## ABOUT THIS EXERCISE
Because only the text is wanted, repeat the records below exactly and omit the pictures.

SUPPLIED MATERIAL section start

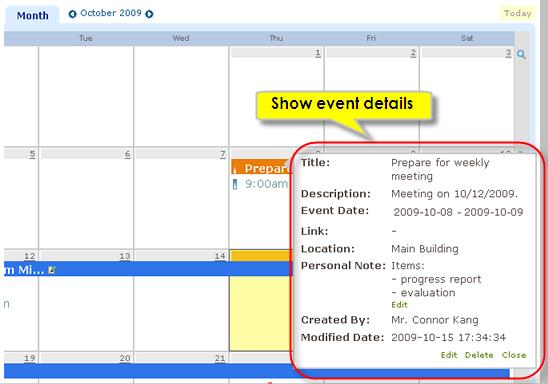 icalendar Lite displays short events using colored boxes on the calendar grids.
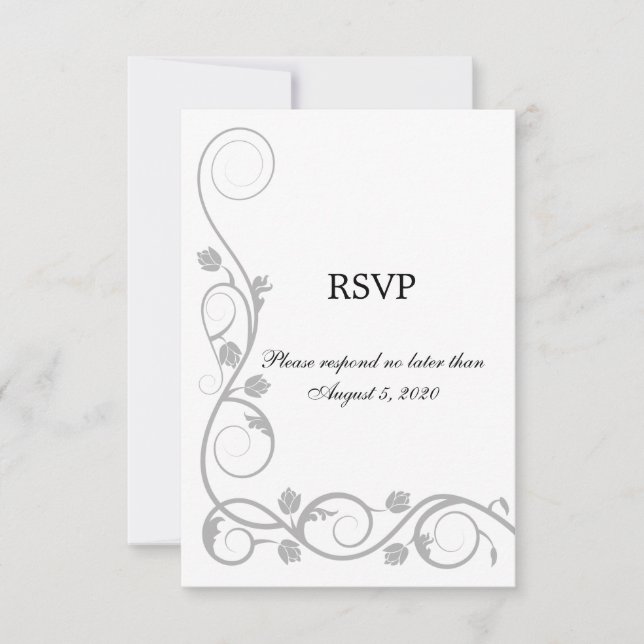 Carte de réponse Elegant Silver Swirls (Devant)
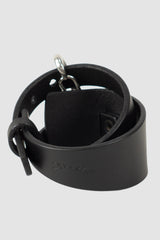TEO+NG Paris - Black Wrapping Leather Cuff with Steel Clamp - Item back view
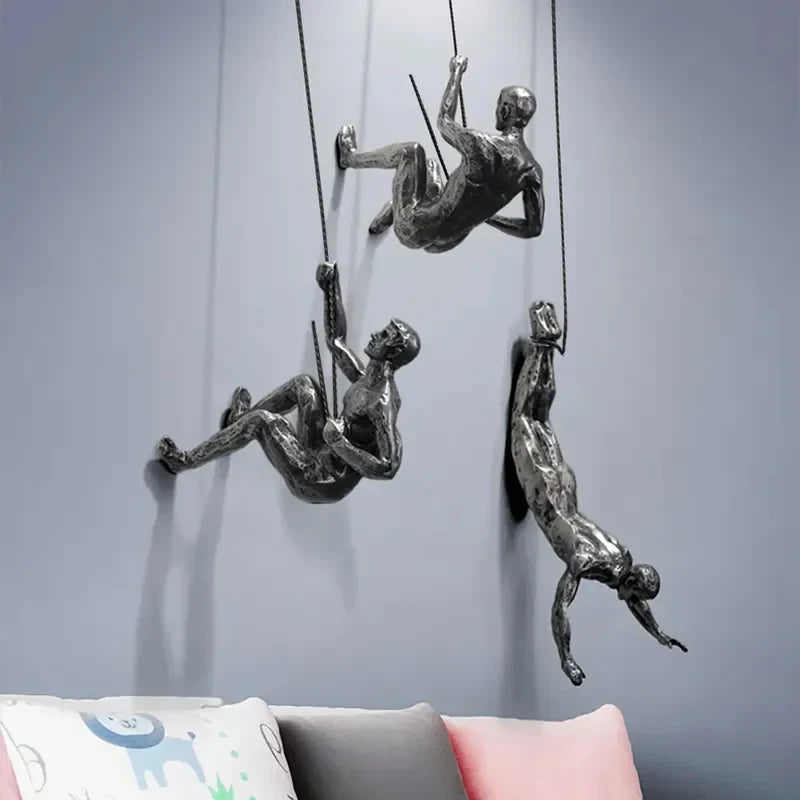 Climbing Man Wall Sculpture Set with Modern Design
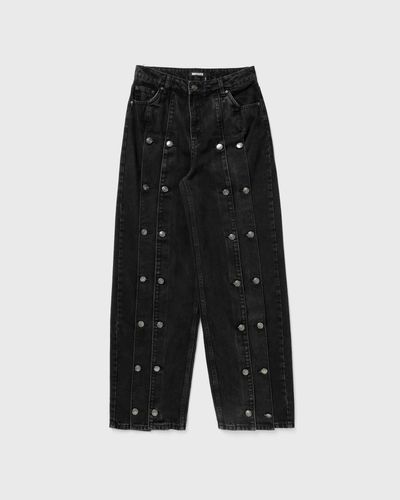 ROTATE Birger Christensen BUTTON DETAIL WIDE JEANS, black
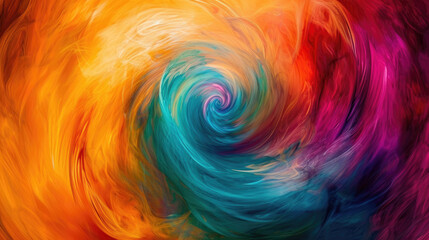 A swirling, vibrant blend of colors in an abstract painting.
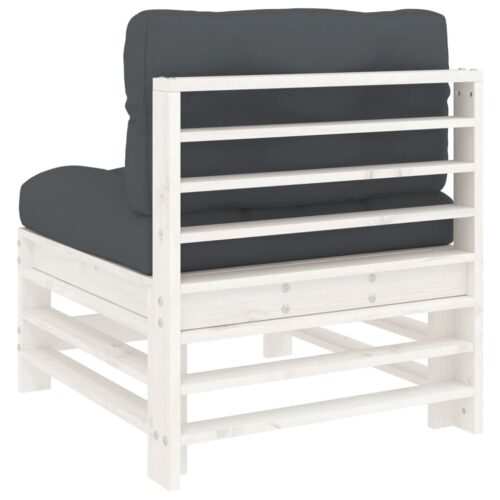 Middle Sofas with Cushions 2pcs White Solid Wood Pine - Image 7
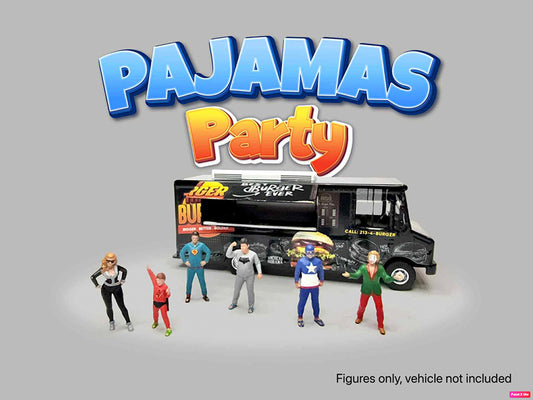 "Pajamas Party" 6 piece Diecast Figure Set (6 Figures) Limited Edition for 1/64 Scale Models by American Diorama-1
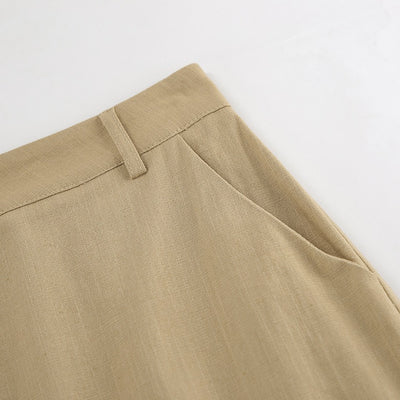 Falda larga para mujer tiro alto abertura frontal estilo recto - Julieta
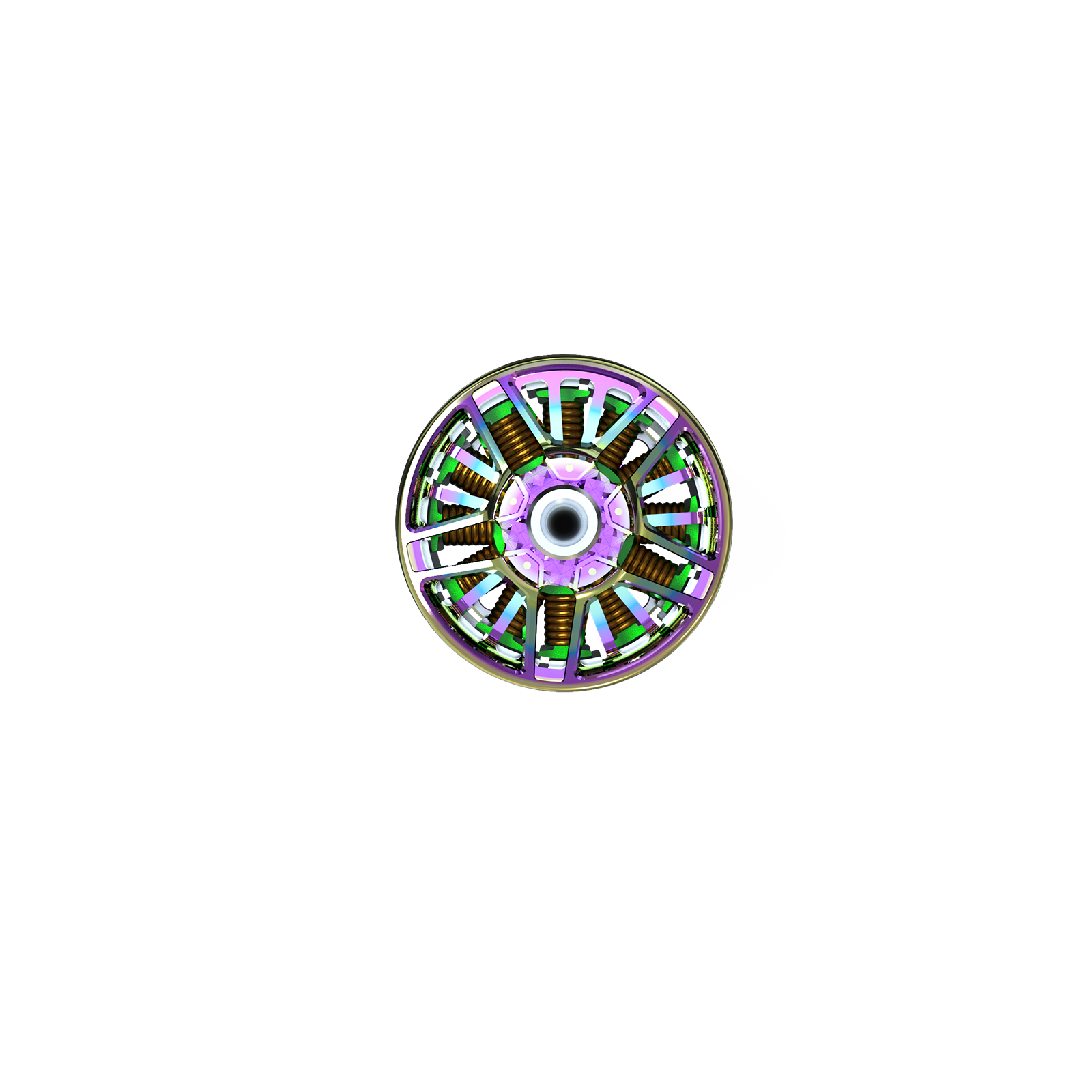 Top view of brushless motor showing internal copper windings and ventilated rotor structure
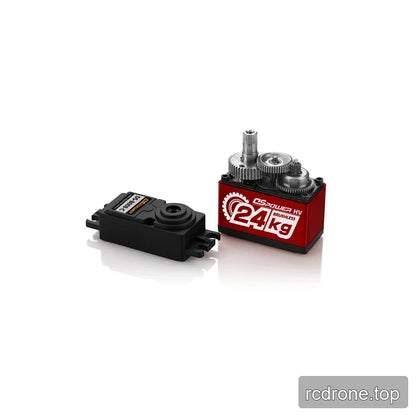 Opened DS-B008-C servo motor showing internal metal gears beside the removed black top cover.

SUPPLIED MATERIAL section end

## EXERCISE OUTPUT
 icalendar Lite displays short events using colored boxes on the calendar grids.
 Carte de réponse Elegant Silver Swirls (Devant)
TEO+NG Paris - Black Wrapping Leather Cuff with Steel Clamp - Item back view
 Climbing Man Wall Sculpture Set with Modern Design
 ROTATE Birger Christensen BUTTON DETAIL WIDE JEANS, black
 A swirling, vibrant blend of colors in an abstract painting.
 Middle Sofas with Cushions 2pcs White Solid Wood Pine - Image 7
 "Pajamas Party" 6 piece Diecast Figure Set (6 Figures) Limited Edition for 1/64 Scale Models by American Diorama-1
 Falda larga para mujer tiro alto abertura frontal estilo recto - Julieta
 Top view of brushless motor showing internal copper windings and ventilated rotor structure
 Opened DS-B008-C servo motor showing internal metal gears beside the removed black top cover.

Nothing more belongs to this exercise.